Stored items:

▶

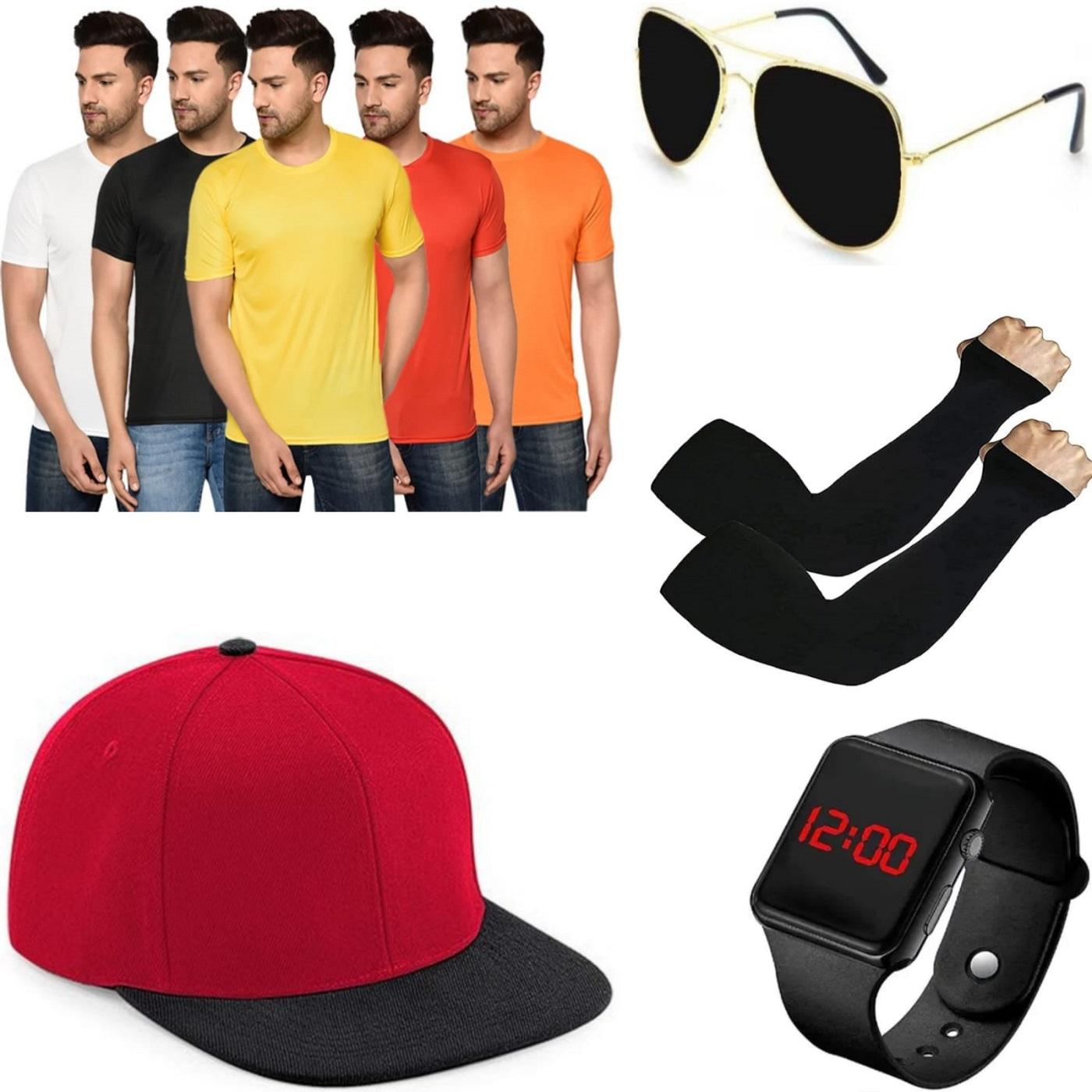 Men's Pack Of 5 Half Sleeves Round Neck T-shirt With Summer Cap Aviator Sunglass And Digital Watch Sun UV Protection Hand Gloves Combo Roposo Clout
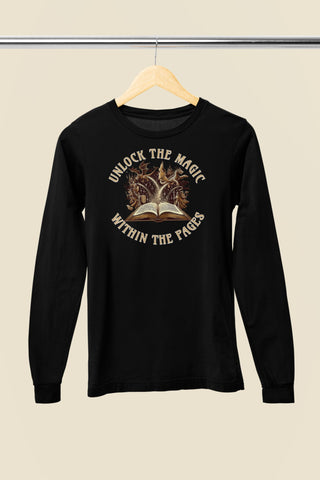 Unlock The Magic Within The Pages Long Sleeve Tee - Milady's Mythical Market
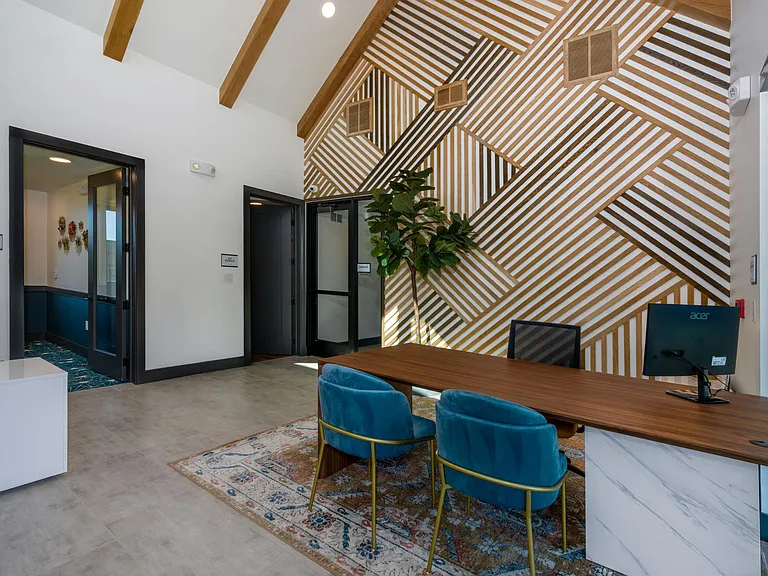 Leasing office with desks for agents and prospects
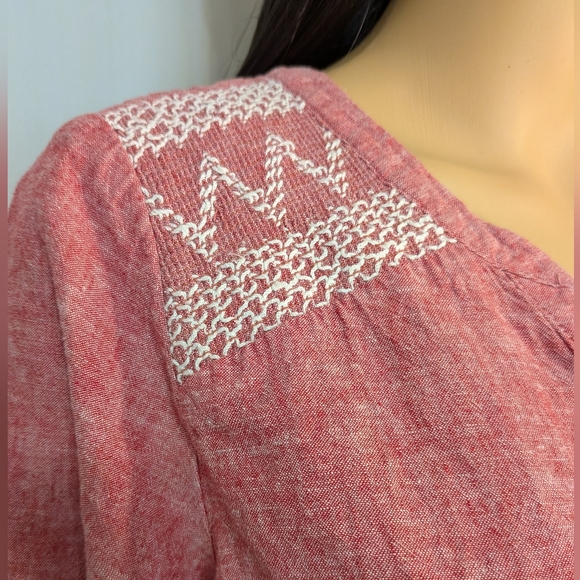 Linen & Cotton Light Red Women's Blouse Medium Christopher Banks - Picture 3 of 11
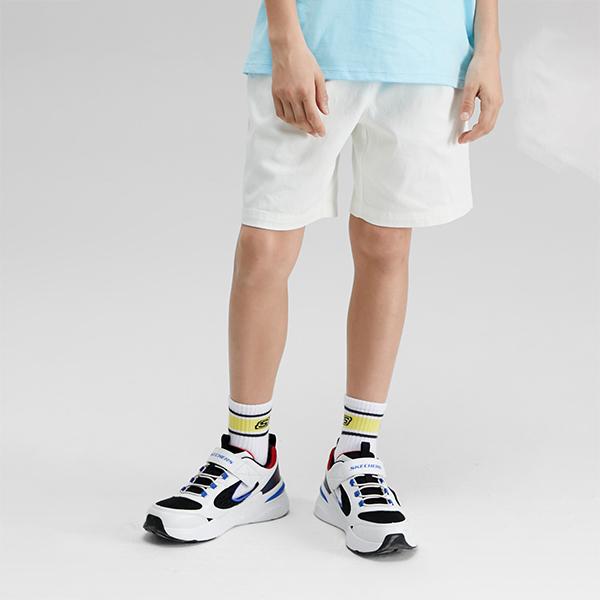 Skechers Bobs Удобные Уличные Велькро Детские Повседневные Туфли Детские Повседневные Туфли Красный Синий Белый 405257L-WBMT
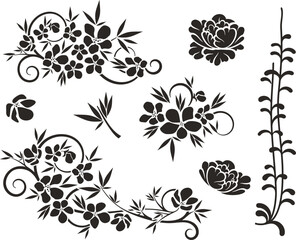 	
Floral vector ornaments luxury set with various types of flowers, leaves and swirls, made in traditional Japanese and Chinese styles. Exquisite wedding decoration designs, vinyl and laser ready.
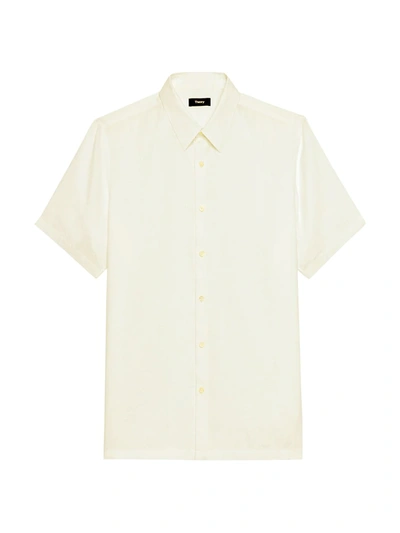 Shop Theory Irving Standard-fit Short-sleeve Summer Linen Shirt In Drift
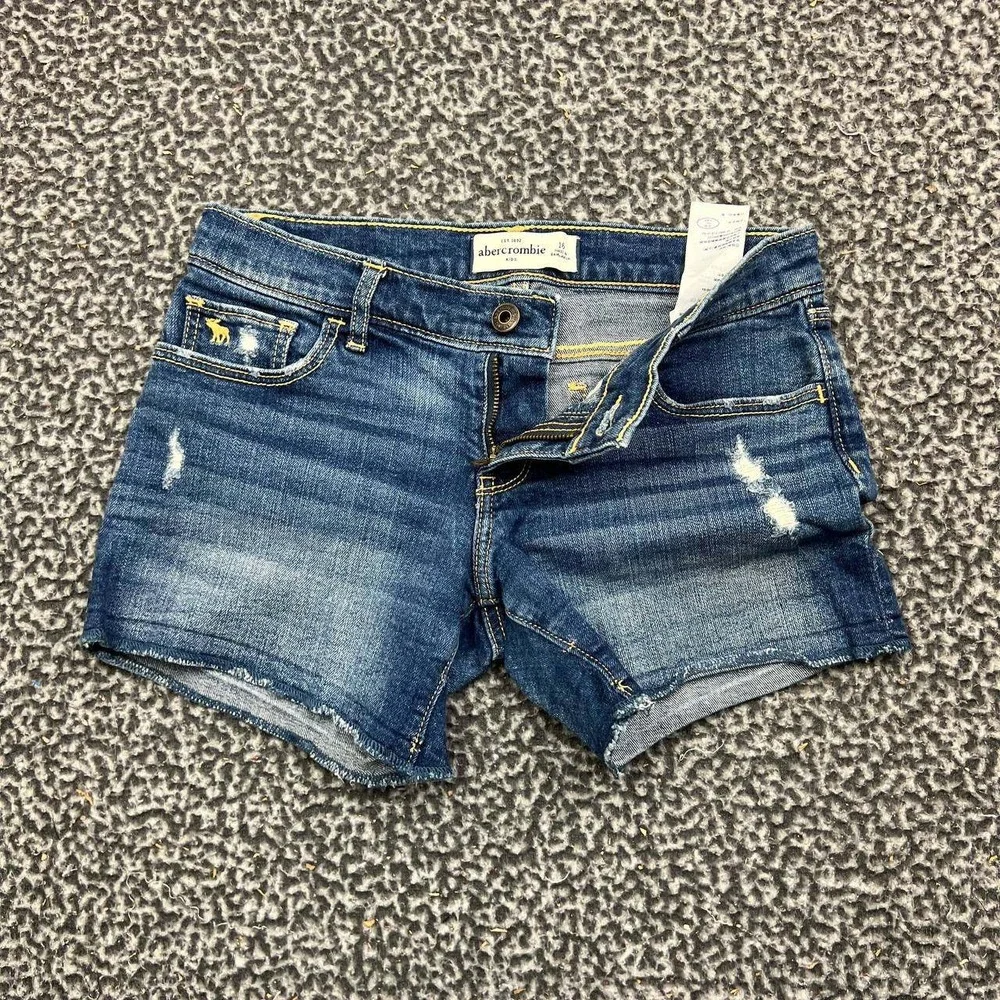 Abercrombie Denim Shorts Kids Girls 16 Blue Distressed Cut Off Stretch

◀

» **Task goal**: Retype each line of the data exactly, beginning with the first; include the line containing "Linen & Cotton" and stop there, skipping every picture.

» **Solution**:
 Men's Pack Of 5 Half Sleeves Round Neck T-shirt With Summer Cap Aviator Sunglass And Digital Watch Sun UV Protection Hand Gloves Combo Roposo Clout
 Unlock The Magic Within The Pages Long Sleeve Tee - Milady's Mythical Market
 Leasing office with desks for agents and prospects
 Linen & Cotton Light Red Women's Blouse Medium Christopher Banks - Picture 3 of 11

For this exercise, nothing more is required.